# VAD (Voice Activity Detection) in Python-Part 1


## 1. A VAD Algorithm Returning the Probability of Speech
Originally, the VAD algorithm used to decide weather a frame is speech or not is the one proposed by Sohn et.al. [1](Sohn, Jongseo., Nam Soo Kim, and Wonyong Sung. "A Statistical Model-Based Voice Activity Detection." Signal Processing Letters IEEE. Vol. 6, No. 1, 1999.). Matlab's voiceActivityDetector implements the algorithm and returns the probability of speech given a group of sound samples which is a frame in this case. For details, refer to [Documentation > Audio Toolbox > voiceActivityDetector](https://www.mathworks.com/help/audio/ref/voiceactivitydetector-system-object.html).

This algorithm computes the probability of speech from an arbitary sample size. Therefore it is quite flexible in selecting the threshold of the probability and the frame length.

## 2. Switching from Matlab to Python
The code to make hunks was written in Matlab. It has become a phase to incorporate this functionality into the rest of code written in Python. Therefore it has become necessary to switch the VAD module from Matlab to Python.

### 2.1. Python's Pros and Cons
One of the Python's advanges is the large pool of open-source packages readily availble to use. A popular scientific ecosystem SciPy includes high quality open-source softwares such as Numpy, Matplotlib, and pandas. They are well-documented and complete in a sense that critical bugs are fixed. 

On the other hand, the disadvantage of many other open-source packages comes from the fact that they're not commercial products. Except a small number of popular packages, many open-source softwares are often imcomplete. For example, the documentation is out-dated and even inaccurate. Additionally, I have found many of them don't run or include errors that need to be fixed in order to make them work.

### 2.2. VAD Algorithms in Python
#### 2.2.1. Google Search Results
Google search results with the following keywords
  * vad python
  * python voice activity detection
  * python voice activity detection probability of speech

are summarized below.

## 3. Overview of VAD Algorithms
A web article [What are current state-of-the-art algorithms for voice activity detection?](https://www.quora.com/What-are-current-state-of-the-art-algorithms-for-voice-activity-detection), equivalently [CMUSphinx > Wiki > ASR > VAD](https://cmusphinx.github.io/wiki/asr/vad/) (both articles are identical), overviews VAD algorithms. The article is reformatted and broken links are fixed below.

### 3.1. WebRTC VAD
One of the modern fast VADs available in public is VAD from WebRTC codec. It incorporates almost all the existing features and works pretty reliable.

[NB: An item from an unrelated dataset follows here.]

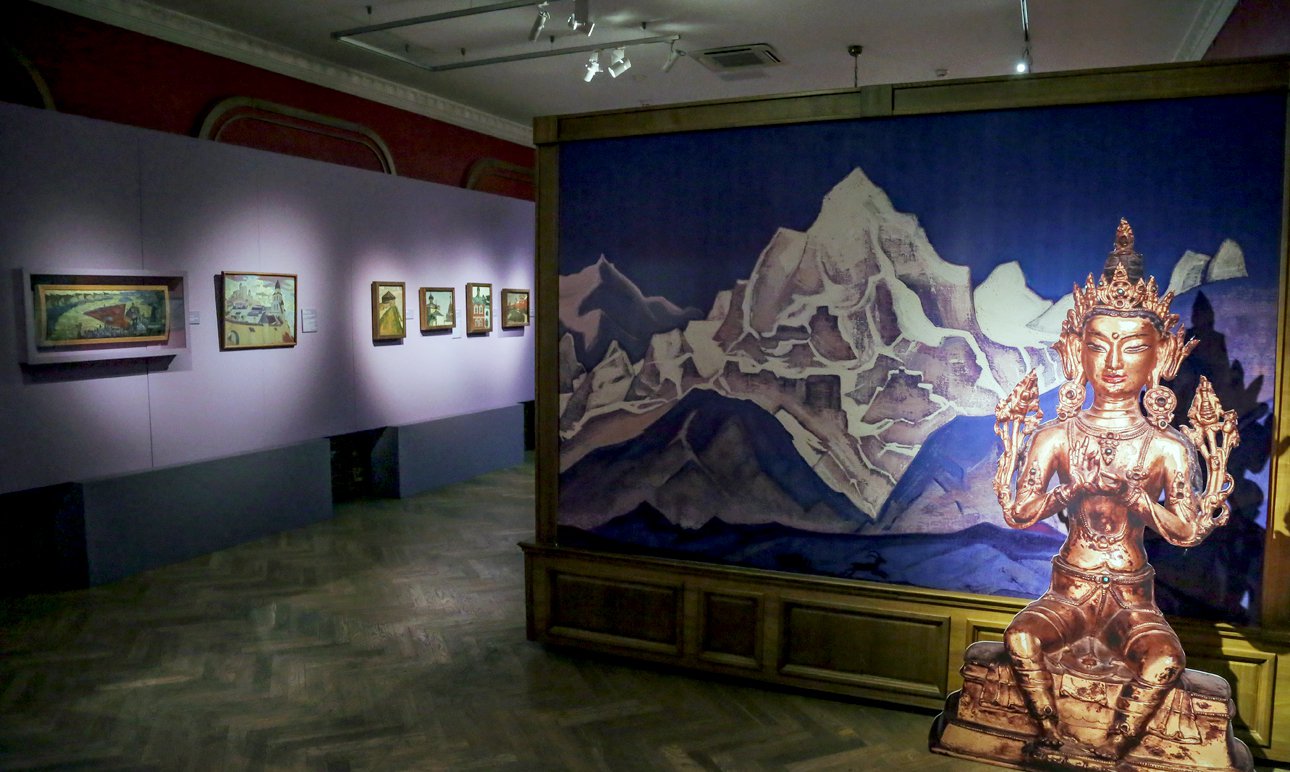 Выставка «Николай Рерих»  в Приморской государственной картинной галерее.  Фото: Приморская государственная картинная галерея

* ***WebRTC VAD's C++ Implementation*** is available at https://chromium.googlesource.com/external/webrtc/+/master/common_audio/vad/.
* ***Python Interface to the WebRTC VAD***
is available at https://github.com/wiseman/py-webrtcvad/.

#### 3.1.1. WebRTC VAD's C++ Implementation
![vad-WebRTC_VAD_in_cpp.png](attachment:vad-WebRTC_VAD_in_cpp.png)


#### 3.1.2. Python Interface to the WebRTC VAD [py-webrtcvad](https://github.com/wiseman/py-webrtcvad)
This Github repository shares a Python interface to the WebRTC VAD. Given a short segment or frame from the audio file, the WebRTC VAD returns if the frame is a speech or not. It only accepts 16-bit mono PCM audio, sampled at 8000, 16000, 32000 or 48000 Hz. A frame must be either 10, 20, or 30 ms in duration.

For details, refer to the next section as WebRTC is tested.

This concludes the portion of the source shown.